# Are you/would you be a landlord?



## applecruncher (Aug 26, 2015)

I was reading Lon’s thread and it reminded me of something. A friend’s son bought 2 small apt bldgs a couple yrs ago, and he’s doing quite well as a landlord. The area is quite nice, and it’s my understanding he’s had a good group of tenants.

But awhile back I was talking with someone who used to manage properties. Yes, it CAN be lucrative, but – for me – I just would not want the hassles associated with owning rental properties and being a landlord.

1) Renovations (inside and outside)
2) Replacing equipment and appliances, and carpeting if applicable
3) Showing units
4) Screening applicants (this can get tricky, even with a decent credit report). 
5) Income verification, background checks…you just don’t know who you’re dealing with and what they’re going to be doing in your building. And you have to be careful about refusing to rent to people.
6) Maintenance – if you can’t do it yourself, you have to hire someone….furnace, A/C, electrical, lawn care, snow removal, pest control
7) Complaints (from tenants about other tenants)
8) Collecting rent - very important 
9) Evicting people

Thoughts? Any current or former landlords here?


----------



## Lara (Aug 26, 2015)

I would just hire someone to manage it for me! :chores:


----------



## Butterfly (Aug 26, 2015)

Many years ago I managed my boss' apartment complex as part of my job.  NEVER AGAIN!!!  Horrible job -- and everyone is always mad at you!  You end up having to deal with everything from backed-up toilets to too loud music to disputes over parking spaces and late rent.  I quit that job as soon as I found something else.


----------



## Falcon (Aug 26, 2015)

Wouldn't want to.
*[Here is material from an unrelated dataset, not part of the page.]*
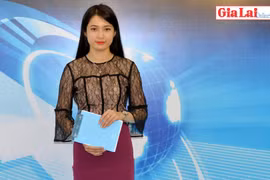 Gia Lai 48h: Thông báo việc tổ chức văn nghệ, vui chơi Tết Nguyên đán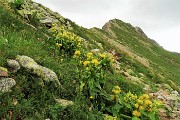 PIZZO ZERNA (2572 m) dalla Valsambuzza con Laghettii di Caldirolo il 24 luglio 2016  - FOTOGALLERY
More trouble than it's worth. IMO


----------



## applecruncher (Aug 26, 2015)

25 – 30 yrs ago, _maybe.
_But now I don’t have the energy or patience. Then there's the issue of liability. I see more stories on the news about real estate agents being assaulted or killed while showing houses. Same things could happen to someone showing vacant apartments. Even if owner hires people to show the units, there is the issue of liability.


----------



## Kitties (Aug 26, 2015)

I don't think I would want to. Tenants can sure run in a range from great to horrible I guess.

I remember watching one of these renovation shows and a women rented her home to people that appeared just great. They turned her house into a grow house. When the cops raided the place they took all the pot plants leaving all the pots and dirt. The place was also rewired for all the lamps. That poor lady. I'm glad she got help from the show.
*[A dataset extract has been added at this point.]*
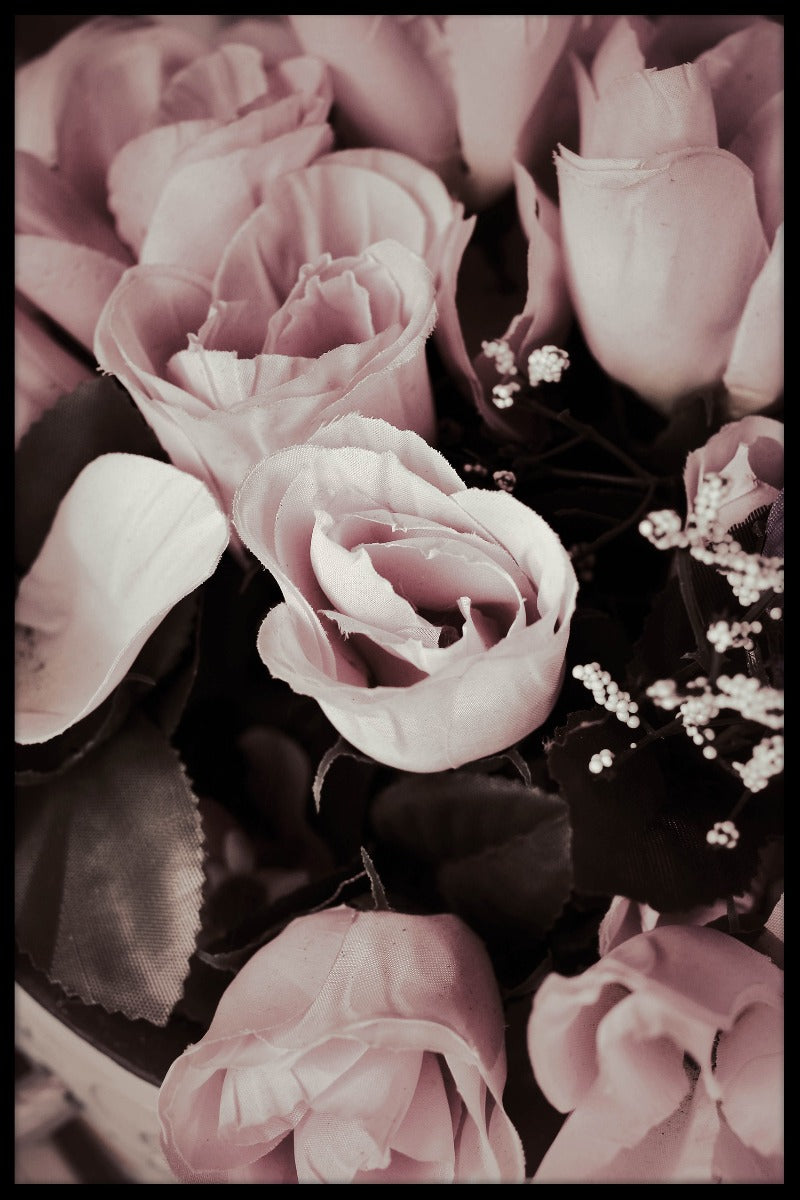Rose N02 plakat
Then I knew a couple years ago whose chow puppy chewed all the living room window sills in their nice vintage home they rented. When the house was being sold and they had to move, they hired a carpenter to replace all the window sills and paint them. The landlord never knew a thing.


----------



## tnthomas (Aug 26, 2015)

I rented out a house for about 12 years, it was great for 5 years renting to an older couple- they paid rent promptly and took good care of the house.  After that, it was a pain, young couples with financial problems, drug problems, martial problems.    After evicting the last tenants I left it vacant, did repairs and eventually occupied it myself, when I entered my last divorce.
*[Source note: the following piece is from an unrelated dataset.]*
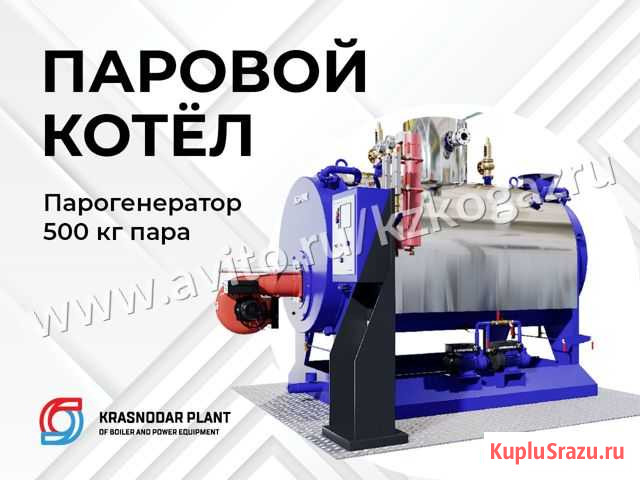 Паровой котел ECO-PAR 500 Сургут - изображение 1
The rents barely covered the mortgage and utilities, I pretty much just broke even.


----------



## Georgia Lady (Aug 26, 2015)

My husband and I used to have rental properties.  It was a nightmare.  I have a big heart and found it hard to evict tenants.  At my age, I would never survive the pressure.  The tenants would walk all over me.


----------



## applecruncher (Aug 26, 2015)

Georgia, a friend of my dad rented out rooms in her home (in the early 1990s) - different situation, but talk about a nightmare! mg1:  (She needed the money, her lazy son was a moocher and emptied the frig...between jail sentences.)


----------



## Lara (Aug 26, 2015)

tnthomas said:


> I rented out a house for about 12 years….The rents barely covered the mortgage and utilities, I pretty much just broke even.


Yes, but meanwhile the value of your property increased, no?


----------



## Linda (Aug 26, 2015)

I managed apartments for a short time about 25 years ago.  I doubt I'd ever do it again.  If I owned a rental now I'd hire a property management company.


----------



## Lon (Aug 26, 2015)

I have never had any desire to be a landlord or to own any rental property. The apartment complex where I presently live is owned by a large corporation and is professionally managed by a full time manager and maintenance crew. Rents are paid on line and maintenance requests are done on line.


----------



## tnthomas (Aug 26, 2015)

Lara said:


> Yes, but meanwhile the value of your property increased, no?



The real estate downturn(crash) of the early 1990s brought that property's value down, considerably.   I occupied that house as sole owner/tenant until 2003 when I remarried.   The real estate upturn at that time helped recoup the property's value, which did provide proceeds with which to put a decent down payment on a nice residence.


----------



## Butterfly (Aug 26, 2015)

Well, as far as I'm concerned, it just ain't worth the heartache whether the value of the property went up or not.


----------



## Warrigal (Aug 26, 2015)

Years ago we bought a small 2 bedroom home unit using some money we had and a loan from a building society.
We allowed the real estate agency to act as our agent and had very little trouble as a result.
We kept the rent on the low side to encourage our tenants to stay because most wear and tear occurs when people move in and out.
When the unit was vacant we replaced blinds and carpets as required and had some painting done.
Any other maintenance needed such as a non functioning toilet etc would be organised by the agent.

Over the years the tenants paid for our investment property and when we finally sold it it became part of my retirement savings.
In those days we didn't have to pay capital gains tax.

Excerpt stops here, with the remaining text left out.